The theme, Coal, Cotton, Canals, is the inspiration for exhibits for this exhibition.  I decided that I would like to design material which  echoes the different textures and colour of coal. 






The black is not uniform but alters with the play of light and moisture and shape of the pieces of coal.



 

I wondered how I could use bumpy texture in my material.








I had woven many samples of collapse weave some years ago.  I was fortunate enough to meet Anne Field who came over the the UK and put on a workshop for the Durham Guild of Spinners Weavers and Dyers. She was writing her book about collapse weave at the time and we had many long conversations about twist and collapse. I was honoured that she chose a couple of my own pieces of weaving to use in the book. 
Her book is wonderful.


ISBN: 978-1-877427-17-6  Published in 2008 by Willsonscott Publishing New Zealand.

I decided to weave a scarf. I set myself a personal goal of only using yarns from my stash. 

First I looked at all the cones of yarn that I had that were black or dark grey.  I wanted to use cotton as far as possible.

  • Silk adds a sheen which might be useful and I had some black and dark grey 60/2 silk. 
  • I had an enormous cone of 20/2 black cotton (why did I buy this?)  
  • I found a 72 Tex cotton/cashmere yarn that I had never used - it looked interesting in the yarn sale some years ago so I bought it! 
  • I found a black cotton? yarn which is spun with a  metallic thread in with my wool yarns. 
  • I also had some cotton/elastic yarn in black and two cones of white cotton/lycra of different thicknesses.  
  • When I was exploring collapse weave, I bought a number of overtwisted yarns from Anne Field and I still had a large cone of 52/2 overtwist merino.

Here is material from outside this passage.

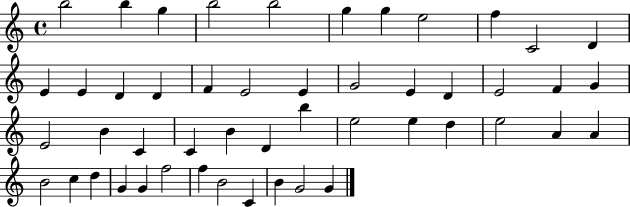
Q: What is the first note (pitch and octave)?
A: B5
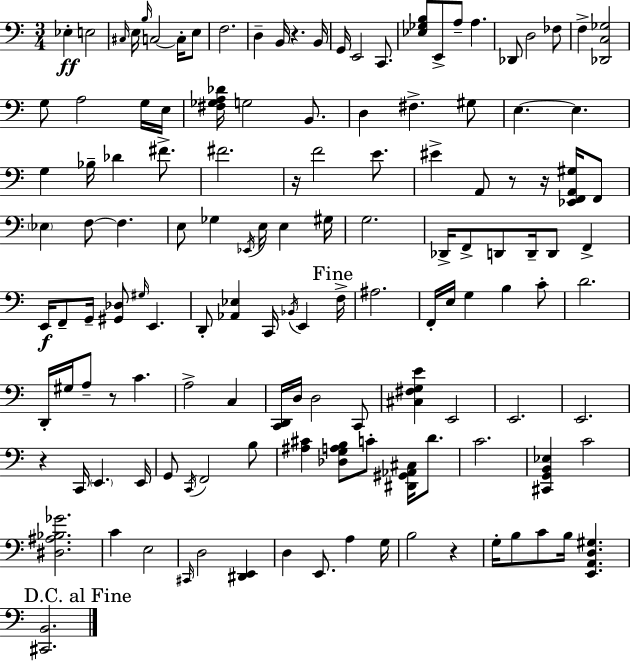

So armed with this abundance, I checked Anne Fields book on collapse weave and my own notes and records of previous explorations of the effects of collapse weave.

I decide to try 3/1 and 1/3 twill as a  base structure. I made a warp of different yarns in stripes.

Sample Warp

One stripe each of 16 ends in the following yarns:
2/20 cotton, 2 ends of grey 2/60 silk, overtwisted merino,
1 end of grey 2/60 silk, metallic black cotton, overtwisted merino, metallic black cotton,
black 20/2 cotton, overtwist merino and finally black 20/2 cotton

There are ten stripes in all.

Weave Samples

I woven three samples on this warp trying different wefts.

Sample one

Weft;  overtwisted merino wool, cashmere/cotton/ elastic cotton yarn in dark green






Sample two

Weft: overtwisted merino, cashmere cotton, 2/20 cotton






Sample three

Weft
thick white cotton/lycracashmere cotton, grey elastic cotton, thin cotton lycra





Sampling is essential to see the effects of different types of yarn.


The different effects of the warp and weft were fascinating and formed the basis of my decisions about warp and weft for the final piece.  There was no collapse lengthwise. 
The white cotton lycra yarn gave a strong width wise collapse. Here is decided that this yarn should be used with no more than four picks. I did not want the white to dominate but merely indicate shine. 
I varied the number of weft picks in the main blocks to add variety and unevenness. 
I also tried using the twill only in one direction rather than changing it for the shorter blocks. Each smaple was examined to see the different effects and what would be suitable to use for the final scarf. 

Scarf

Warp: black 2/20 cotton used double, black and grey silk 2/60 two ends used, metal effect yarn
400 warp ends in all. 

Blocks


Cotton 16           24          16          16
Silk         16           24          24           16
Metal           16           16          24             centre: 20 then reverse sequence.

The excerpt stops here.